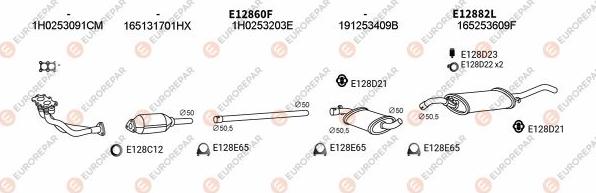 EUROREPAR EXH103610 - Exhaust System car-mod.net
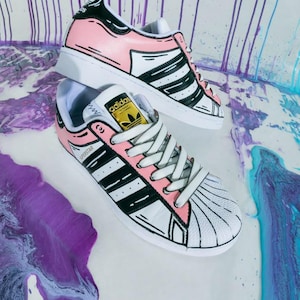 Custom Paint Adidas - Etsy Canada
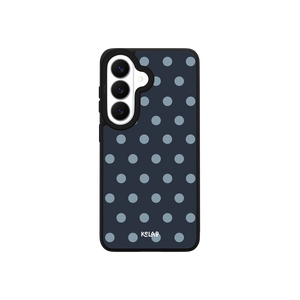 Abyssal Dot | Blue Polka Dot Samsung Phone Case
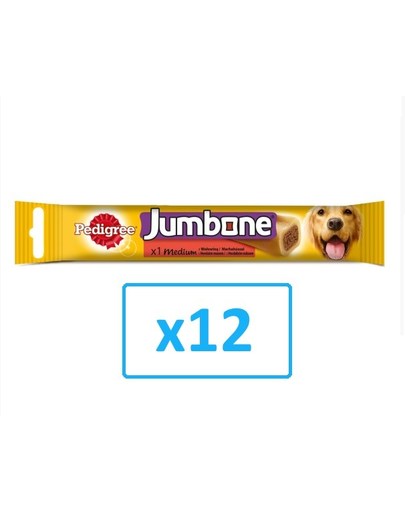 PEDIGREE Jumbone medium Jutalomfalat közepes termetű kutyáknak 200g x12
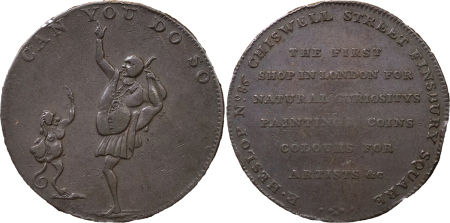 Great Britain. R. Heslop CU Halfpenny Token. 1790-1800. 
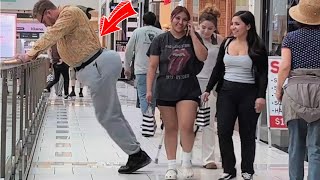 Fat Guy Farts On People In Mall [upl. by Dhiren]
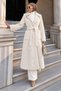Fox Coat with Zipper Detail on the Collar Tsd260346 Gray Ecru - 5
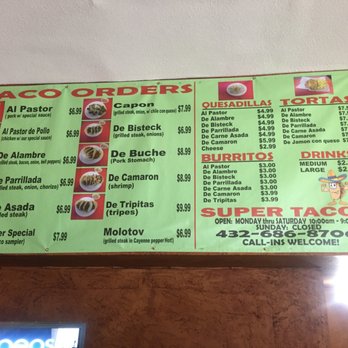 Super Taco - Mexican Near Me - Midland, Texas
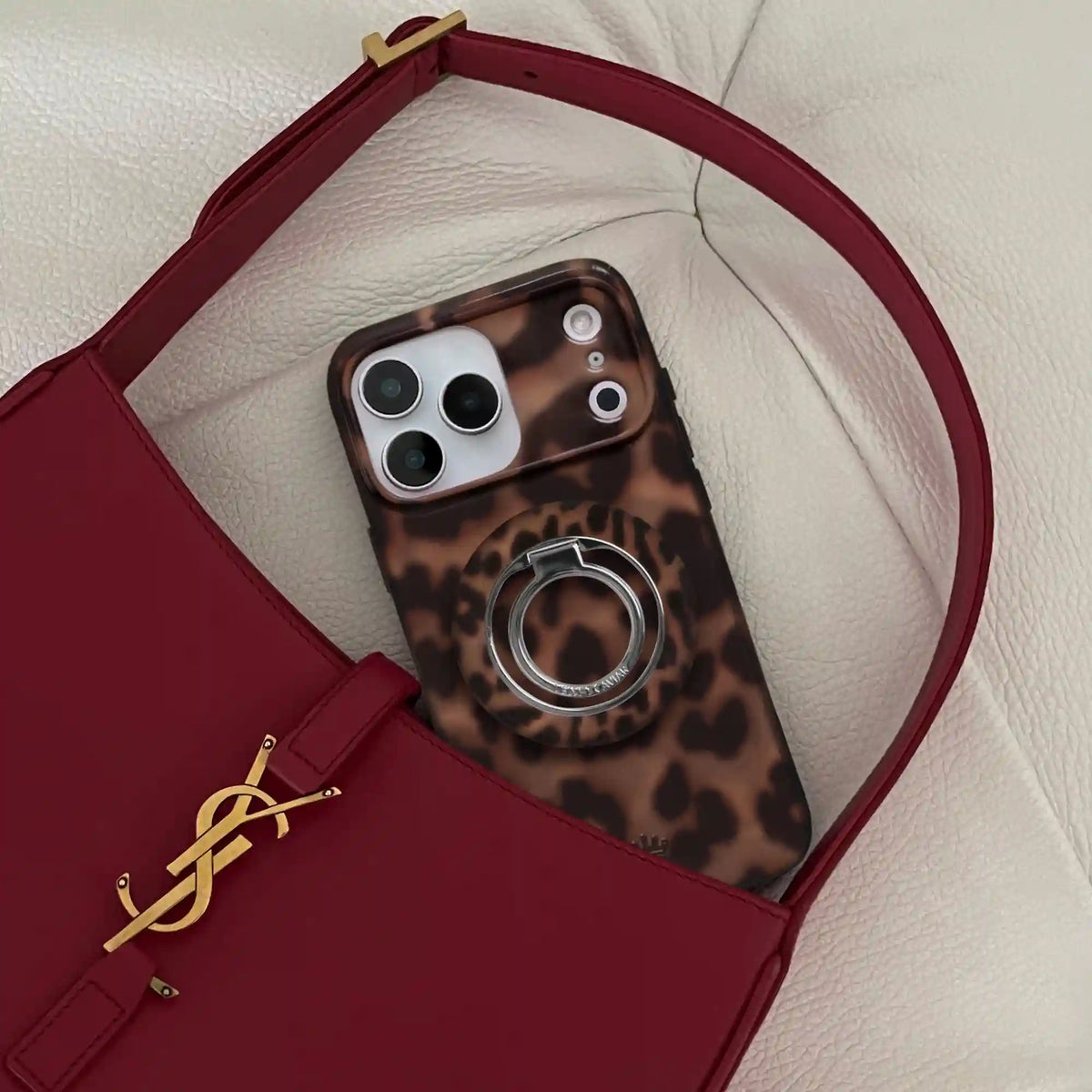 It Girl Leopard MagSafe Grip Ring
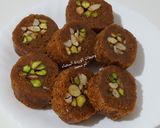 A picture of step 7 of Kunafa Mabrouma with Mixed Nuts.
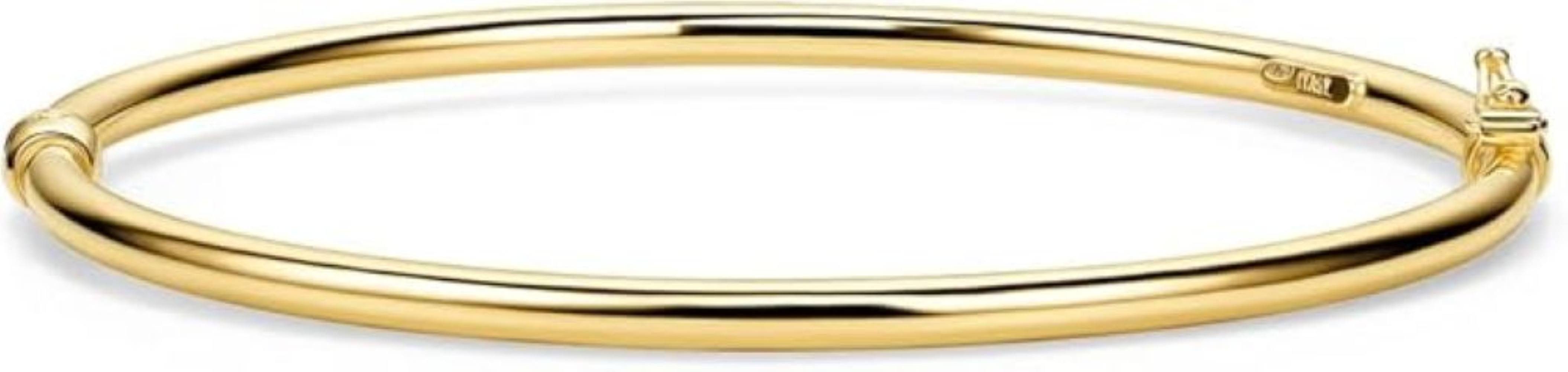 Miore Armreif MAR002SB in 925 Sterling Silber vergoldet 18Kt Gelbgold, für Damen Made in Italy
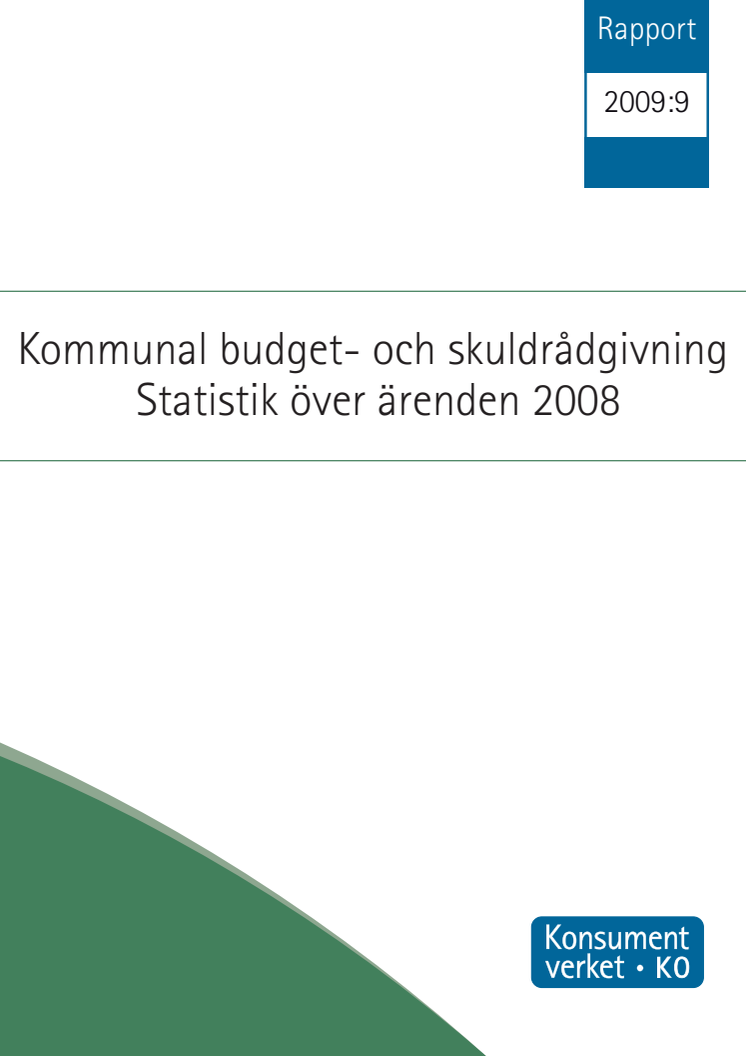 Kommunal budget- och skuldrådgivning - statistik över ärenden 2008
——
Task brief:
All that is wanted is an exact copy of the lines from the line bearing "Custom Paint Adidas - Etsy Canada" through the final line of the entries, including both ends but no pictures.

Written response:
 Custom Paint Adidas - Etsy Canada
 Abyssal Dot | Blue Polka Dot Samsung Phone Case
 PEDIGREE Jumbone medium Jutalomfalat közepes termetű kutyáknak 200g x12
 Great Britain. R. Heslop CU Halfpenny Token. 1790-1800. 
 Fat Guy Farts On People In Mall [upl. by Dhiren]
Fox Coat with Zipper Detail on the Collar Tsd260346 Gray Ecru - 5
 Super Taco - Mexican Near Me - Midland, Texas
 It Girl Leopard MagSafe Grip Ring
 A picture of step 7 of Kunafa Mabrouma with Mixed Nuts.
 Miore Armreif MAR002SB in 925 Sterling Silber vergoldet 18Kt Gelbgold, für Damen Made in Italy
 Kommunal budget- och skuldrådgivning - statistik över ärenden 2008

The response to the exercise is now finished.